Hundertwasser was thought to be a natural heir to Gustav Klimt artistically, with the heavy use of pattern and decoration in his paintings (above). In the 1950s though, as well as painting, Hundertwasser became involved in humanitarian political and environmental activism, and applied himself to the field of architecture.
As an architect Hundertwasser was opposed to the earlier modernist work of fellow Austrian architect Adolf Loos, who advocated against decorative elements in architecture. Hundertwasser thought straight lines godless and immoral, and that anything drawn with a ruler was done without feeling. Hundertwasser also expressed the idea that austere buildings and environments were the cause of human unhappiness. There certainly appears to be some truth in this opinion with the recent rethink and demolition of many older council estates.
The Hundertwasserhaus was built during 1983-85 with the aid of architects Josef Krawina and Peter Pelikan, and within there are a range of apartments, offices, and private and communal terraces. The design of Hundertwasserhaus employs organic principles such as the use of uneven floors which Hundertwasser called "a melody to the feet", onion domes, a roof covered in grass, and trees growing inside the rooms.
The Hundertwasserhaus is certainly an interesting building. Refreshing as it is to see a radically different architectural style in Vienna, I personally do not think it has aged well. To my eyes it looks dated. It seems to be a mish-mash of styles randomly thrown together, and decorated with bright, (now badly faded) paint, and a few mosaic tiles half-heartedly slapped on. I think Gaudi's visions of organic architecture in Barcelona are much more fully realised and cohesive, given that he had full control of his projects. Money may also be a factor. Gaudi's patrons had pockets deep enough for him to fully indulge his fantastic visions without him having to compromise on design or materials financially. For this project Hundertwasser was largely reliant on the skills and talents of the other two fully fledged architects.
In a city of row upon row of neoclassical architectural pastiche you can understand Hundertwasser's desire to rebel, and create something new and unique as the Secssionists before him did, but I don't think Hundertwasserhaus is the solution. Above is a picture of the building with it's neighbour, which is more uniform and typical of neo-classical Viennese architectural styles found in the Innere Stadt.
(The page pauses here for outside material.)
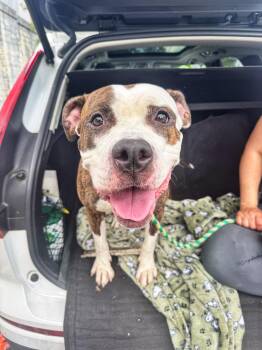 Rescue Pit Bull Terrier Dogs for Adoption in Newark, New Jersey - Konga | PetCurious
I don't understand how, or why the British phone box fits in (two picture above), but it certainly adds to the random mix.
Across the way from Hundertwasserhaus is the Kalke Village of cafes and shops, designed on the principles and handiwork of Hundertwasser. As an environment I found it quite contrived and like a theme park. I really did not like the atmosphere in the Kalke Village which seemed to be aimed specifically at getting tourists and visitors to part with their money, so I exited pretty swiftly.
As the apartments and offices in Hundertwasserhaus are private, the public does not have access. I would be interested though, out of curiosity to see the interiors with undulating floors, and wonder how practical those inhabitants with trees growing in their apartments with limbs supposedly extending out of the windows find this experience.
There was another Hundertwasser architectural project nearby, but after seeing Hundertwasserhaus I didn't feel particularly inspired enough to seek it out.